Reiner terus menuntun Selina naik, karena tergesa-gesa Selina sempat tersandung anak tangga dan hampir terjatuh. Untung saja Reiner memegang lengannya dengan kuat. "hati-hati!" serunya. Suara helikopter terdengar mendekat, "ayo cepat, kita hampir sampai!" katanya menuntun Selina kembali naik. Mereka menembus pintu loteng yang juga di jaga banyak anak buahnya.


"Kalian jaga tempat ini dari musuh!" serunya, terlihat helikopternya sedang mendaratkan diri. Reiner dan Selina berjalan ke arahnya. Reiner berhenti dan menatap adik iparnya, "aku hanya bisa mengantar kalian dari sini!"

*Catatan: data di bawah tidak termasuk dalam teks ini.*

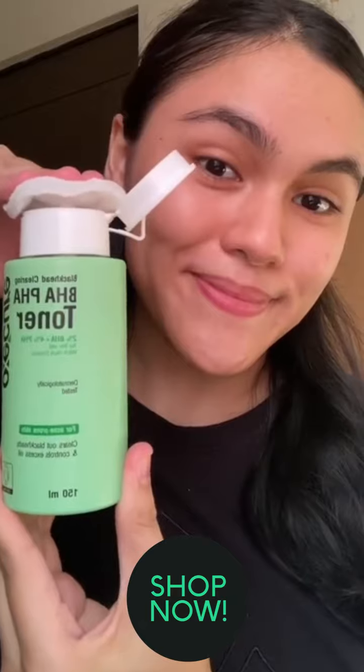Try OxyCure BHA-PHA Toner today for clear, beautiful skin. Shop now! Like and follow for more!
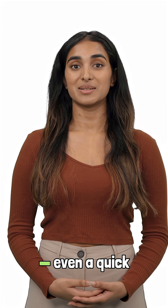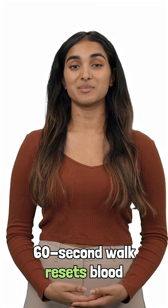To lower the risk, aim to move every 30 to 45 minutes. Even a quick 60-second walk resets blood flow.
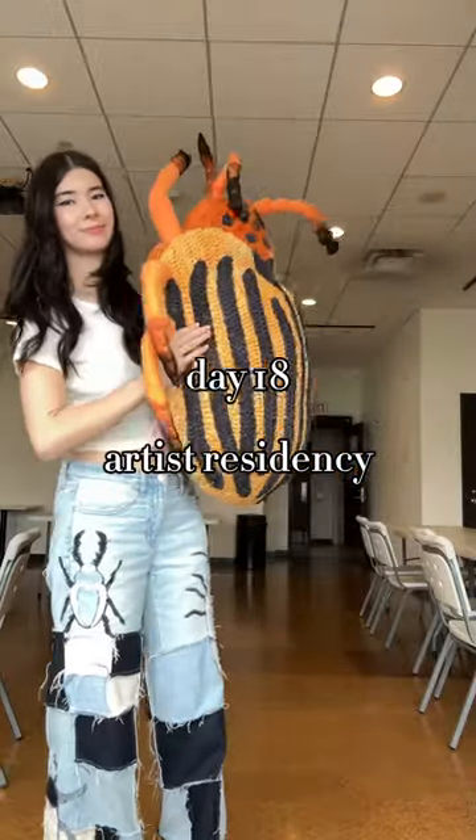Hey guys, welcome to day 18 of my artist residency. I finished another bug. I walked in and I was wearing my Fandy the Pink shoes — thank you so much, Fandy the Pink! Look how cute the bottoms are.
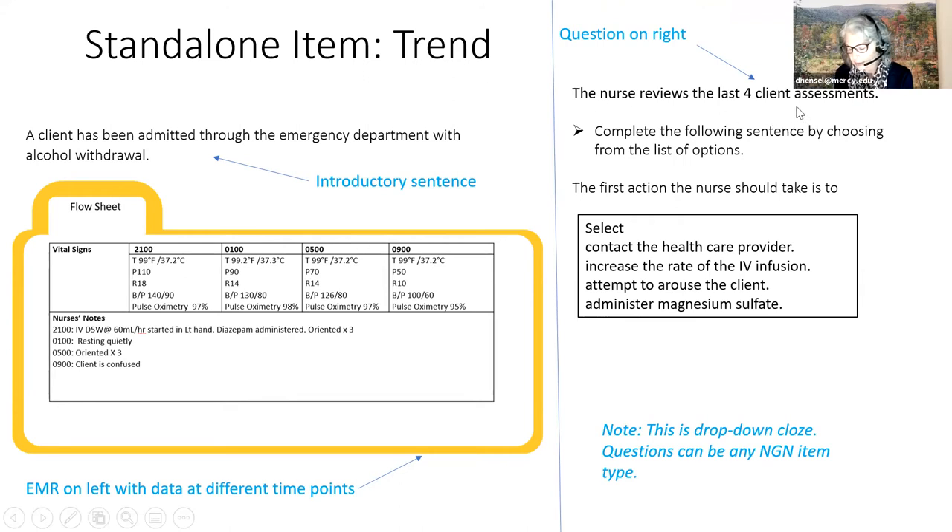An important disclaimer before we get started: standalone trend items can be any NGN item type other than a bow tie.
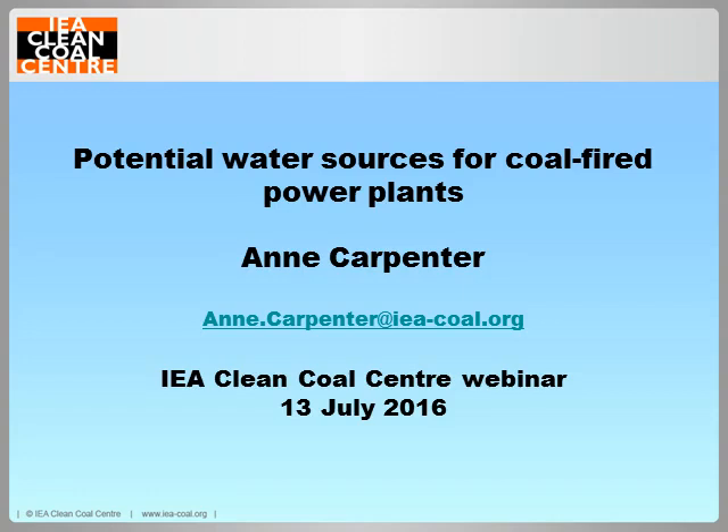Hello and welcome to the July webinar from the IEA Clean Coal Centre. My name is Deborah Adams and I am studies manager here. Our monthly webinars are based on our technical reports which are available from our website www.iea-coals.org. If you are a resident of a member country or an employee of a sponsoring organisation, you can download our reports at no charge after a one-off registration.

"Kakak tidak ikut dengan kami?"

"Aku akan menghalau mereka, kau tidak perlu khawatir. Keselamatan bayimu lebih penting, pergilah sekarang!"

"Tapi kak!"

"Cepat!" seru Reiner mendorong Selina dengan lembut. Tempat itu di penuhi beberapa baranh dan tong. Suara tembakan pun terdengar mendekat, Selina bergegas ke arah helikopter. Pintu loteng di jebol dan baku tembak langsung terjadi, Reiner ikut membantu seraya berlindung di balik tong. Selina semakin panik dan mempercepat langkahnya. Tapi tembakan juga di lontarkan ke arah helikopter hingga membuat Selina harus menjauh dari helikopter dan mencari tempat berlindung agar bayinya tak terluka.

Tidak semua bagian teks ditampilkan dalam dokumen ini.